City moves into new digs

The old building, which is still the police station, faces problems

(news photo)

matthew graham / oregon city news

The new Oregon City City Hall.

Leaving behind the cramped building at 320 Warner Milne Road, with trailers parked out back acting as workspaces, Oregon City employees on Tuesday moved into the renovated McLean Building at the top of Singer Hill.

Mayor Alice Norris said the move is the “most exciting thing to happen in Oregon City this year” and a turning point for the city.

“This is a huge positive step for the whole community,” she said. “Many people say that what a community thinks about itself shows in its city hall, so the city has raised the bar here.”

With police, the municipal court and code and parking enforcement staying at the old City Hall, the move will give city employees much more breathing room.

Norris also said the move adds to the city’s goal of sustainability.

“There’s nothing more sustainable than a recycled building,” she said. “And it’s so close to services that (employees) can do the ‘walk more, drive less’ mantra that we’ve been preaching.”

She also said it will better serve residents.

“And then for the public besides the money we’ve saved there and moving to a very revitalizing area – the lack of confidentially in the old lobby was very (problematic), so there’ll be no more babies and inmates in shackles commingling,” she said.

The city’s urban renewal commission bought the McLean Clinic last year for about $6.5 million and was budgeted to spend about $2.4 million renovating it for city use.

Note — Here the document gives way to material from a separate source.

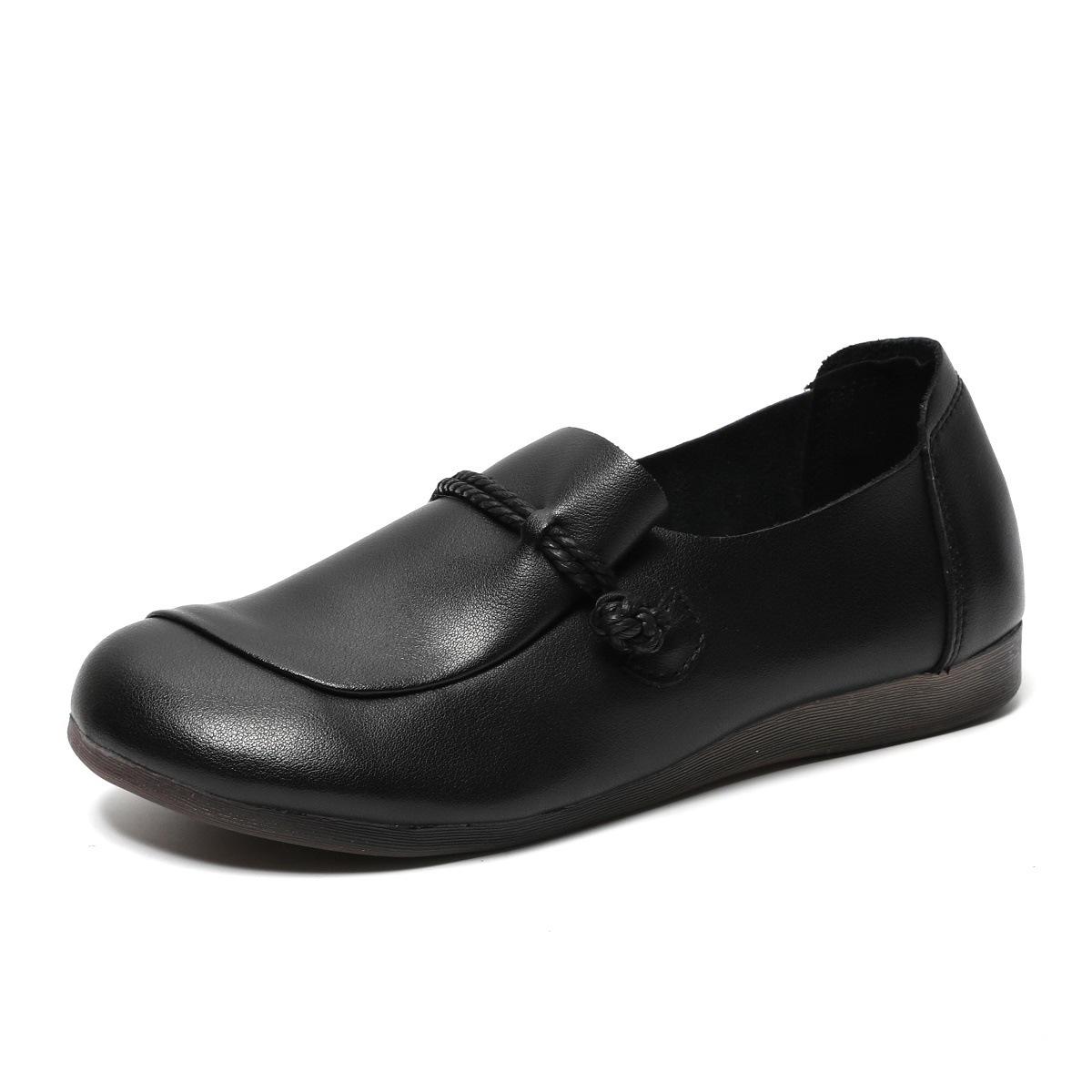 

Обувь для матери, 3 весенние туфли в горошек с мягкой подошвой, кожаные туфли среднего и пожилого возраста на плоской подошве, женские туфли на плоской подошве 35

The McLean Clinic, at 406 7th St., was built in 1936 by Edward McLean, a local physician who helped found the Oregon City Hospital.

Problems for old building

With the move to the McLean Building, the plan was for the police department to take over the former City Hall. But with inadequate space for the future growth and substandard structural features for impending increased seismic standards, the city is looking at asking the voters for money to build a new facility.

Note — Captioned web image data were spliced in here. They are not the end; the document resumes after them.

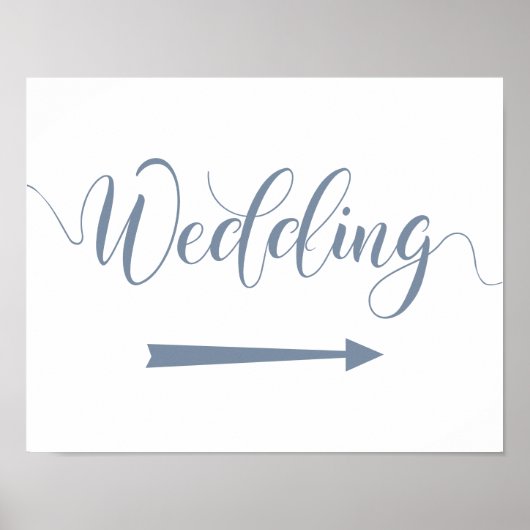 Dusty Blue Wedding Arrow-teken Poster (Voorkant)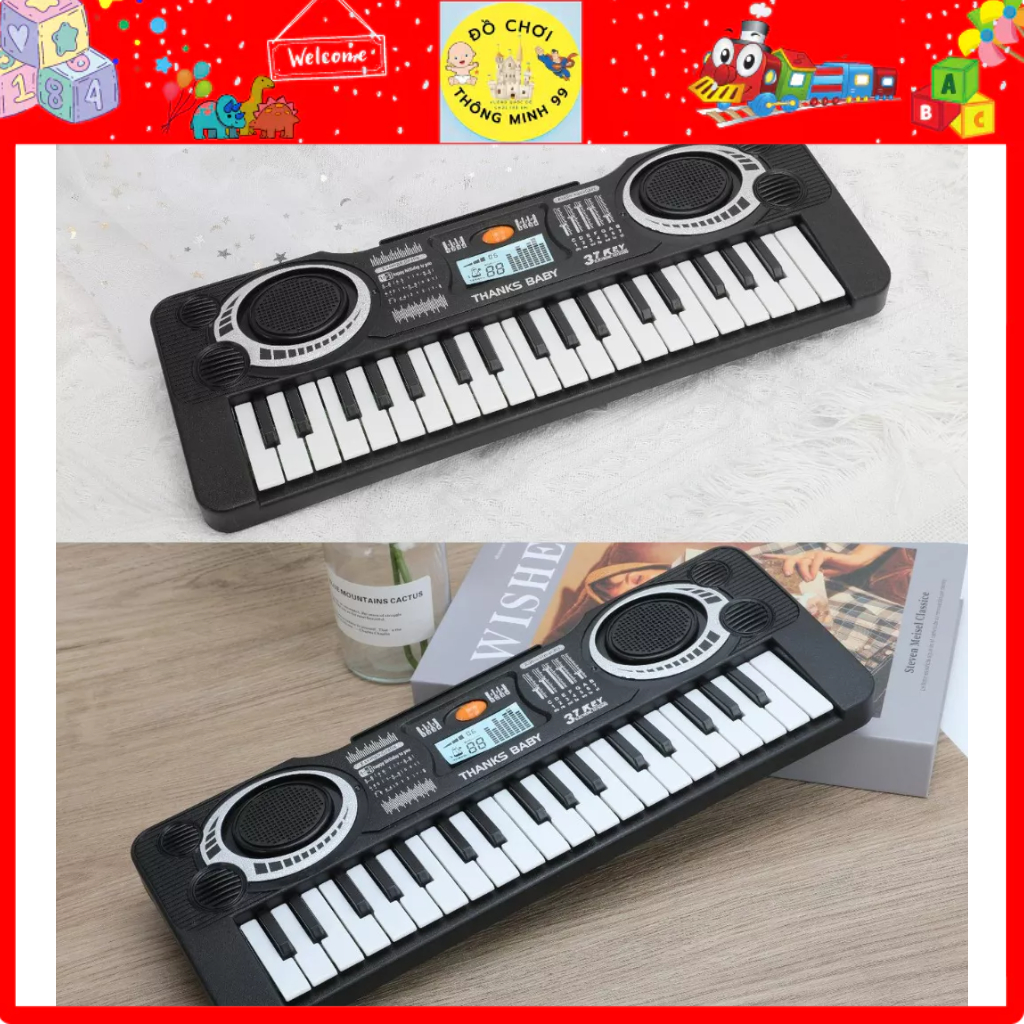Đàn piano điện tử 61 phím cho bé, thiết kế đầy đủ tính năng, đi kèm micro và dây nguồn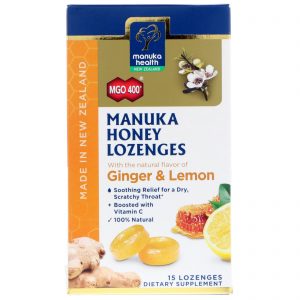 Comprar Manuka Health, Manuka Honey Lozenges, MGO 400+, Ginger & Lemon, 15 Lozenges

“The space-needs projection showed the facility is critically undersized and lacks the most basic amenities of a modern police facility,” said a staff report on the issue.

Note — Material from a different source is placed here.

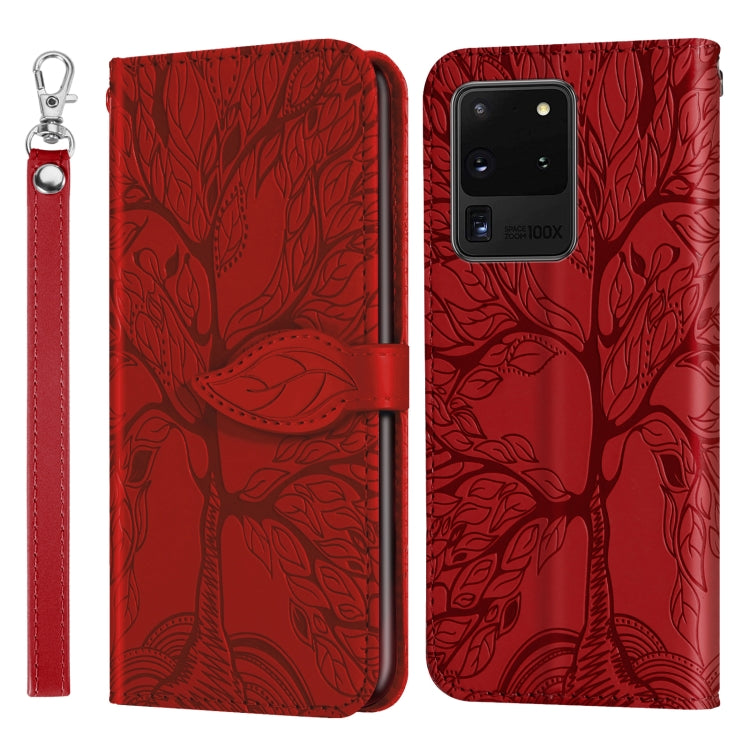 Life of Tree Embossing Pattern Horizontal Flip Leather Case with Holder & Card Slot & Wallet & Photo Frame & Lanyard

The police department moved into the building in 1981 and the move was supposed to be temporary.

A state law will require all emergency facilities to meet seismic standards by 2022. The building doesn’t currently meet those and an upgrade to make it comply would cost more than $1 million and still not address the size issue of the facility.

“It seems to make sense to me that putting $1 million into this building doesn’t appear to be a good use of public funds because we haven’t begun to touch the redesign of it or making improvements to make it more efficient or addressing the critical space needs that need to be fixed,” Police Chief Mike Conrad said at a city work session last month.

The facility’s state is such that the police force won’t even be allowed to move into the portions vacated by other city departments that moved to the McLean Building unless seismic upgrades are done.

Conrad said that both the Citizens Advisory Committee and the police department advisory group recommended constructing a new facility rather than spending to renovate.

City Manager Larry Patterson agreed.

“To us it doesn’t make a lot of sense to invest in this building when it doesn’t meet the needs” of the force, he said at the work session.

And with general agreement from the city commission, city staff is expected to begin laying the groundwork for a 2011 bond campaign.

The city estimates the cost to put the bond on the ballot at around $35,000 with staff work, a phone survey and a project manager.